(Beginning of Supplied material)

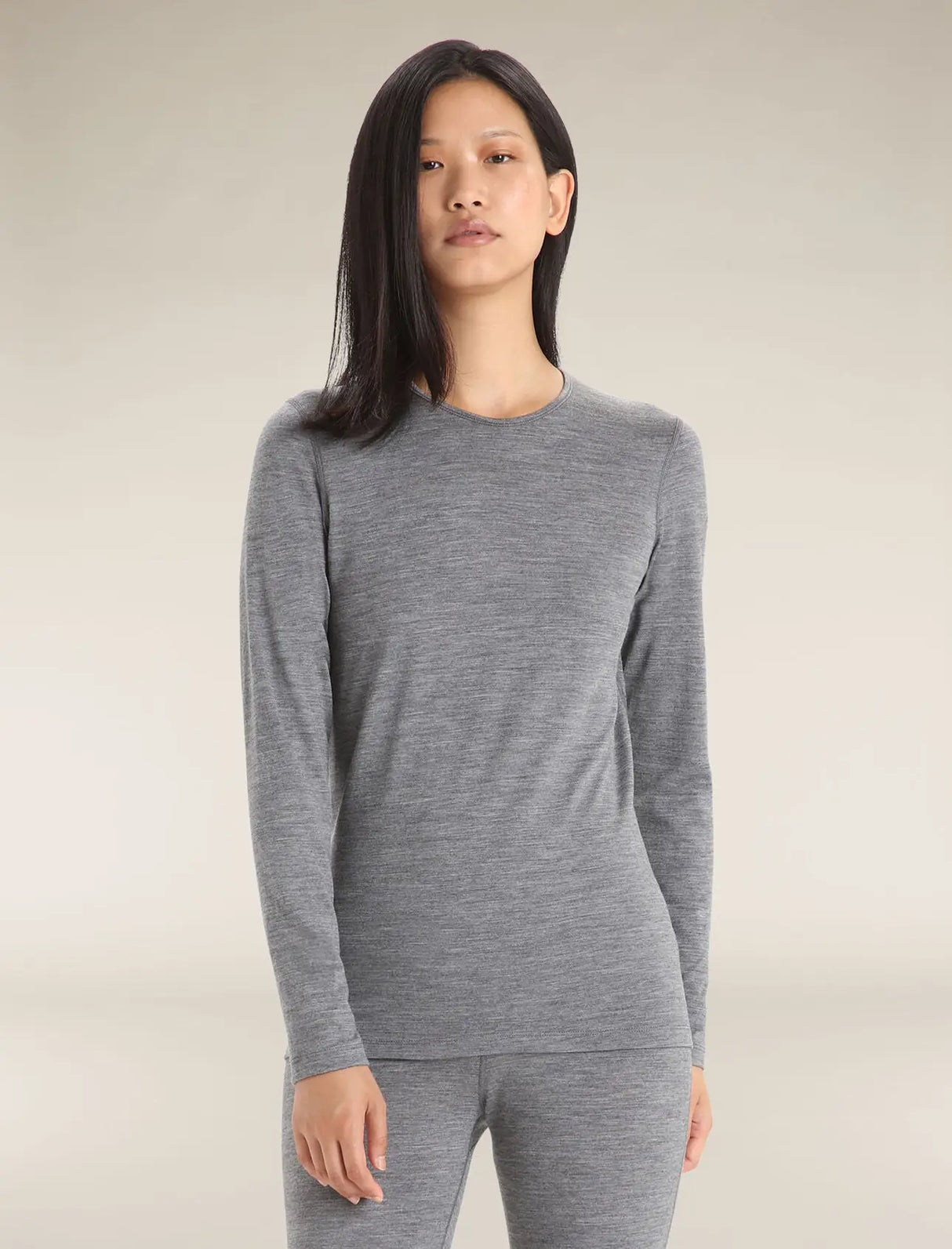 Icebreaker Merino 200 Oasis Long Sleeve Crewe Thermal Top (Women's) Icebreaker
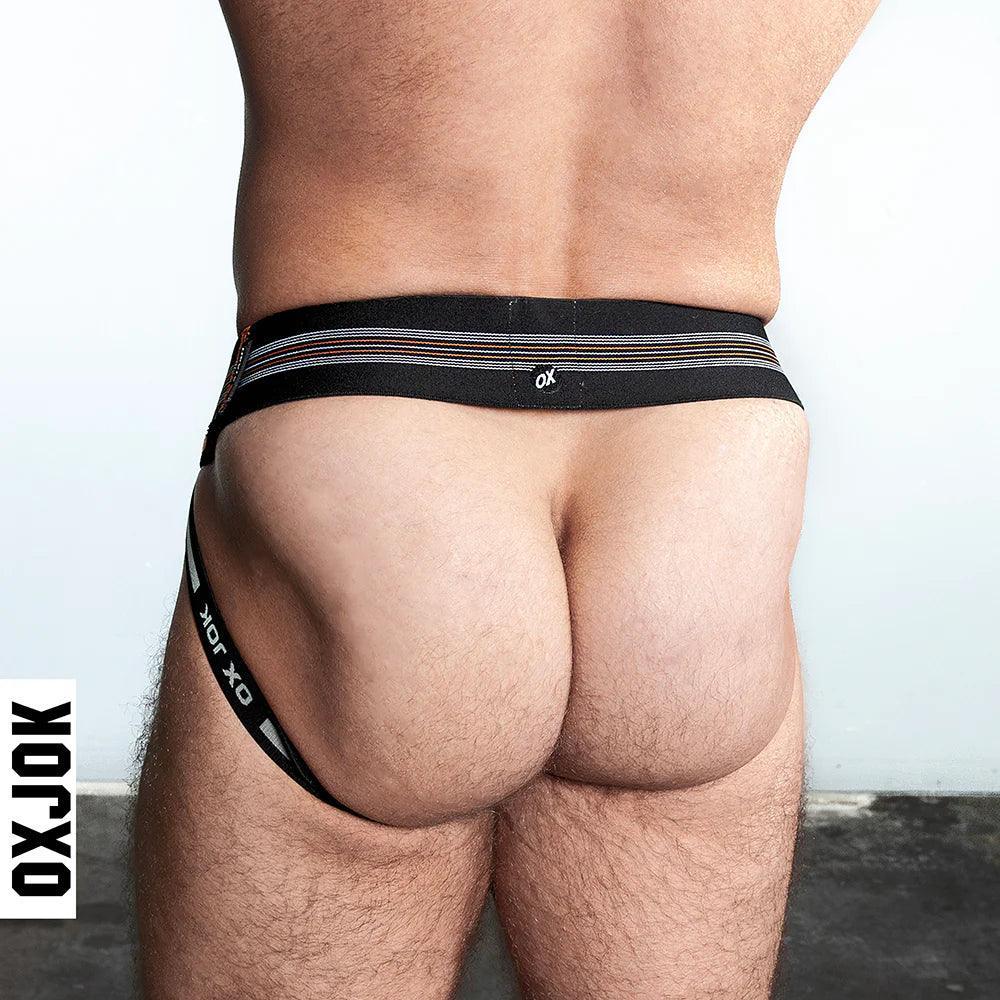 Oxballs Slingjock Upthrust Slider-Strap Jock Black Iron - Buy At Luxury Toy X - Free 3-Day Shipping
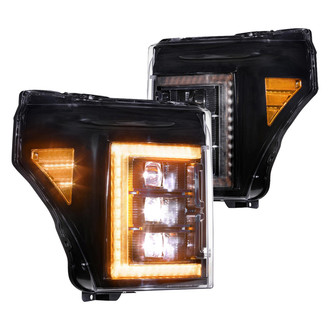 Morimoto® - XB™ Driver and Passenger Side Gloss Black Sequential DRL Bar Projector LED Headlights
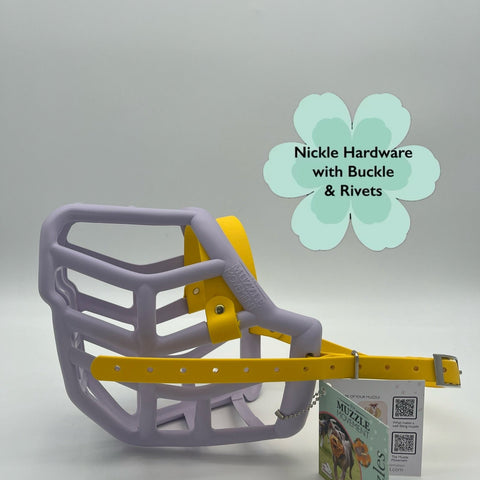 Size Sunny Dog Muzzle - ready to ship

(End of Supplied material)

**Exercise directions**. No pictures should appear in the copy, which holds exactly the lines from the first line of the data through the line with "Oxballs Slingjock Upthrust" and nothing else.

**Task answer**.
 Icebreaker Merino 200 Oasis Long Sleeve Crewe Thermal Top (Women's) Icebreaker
 Oxballs Slingjock Upthrust Slider-Strap Jock Black Iron - Buy At Luxury Toy X - Free 3-Day Shipping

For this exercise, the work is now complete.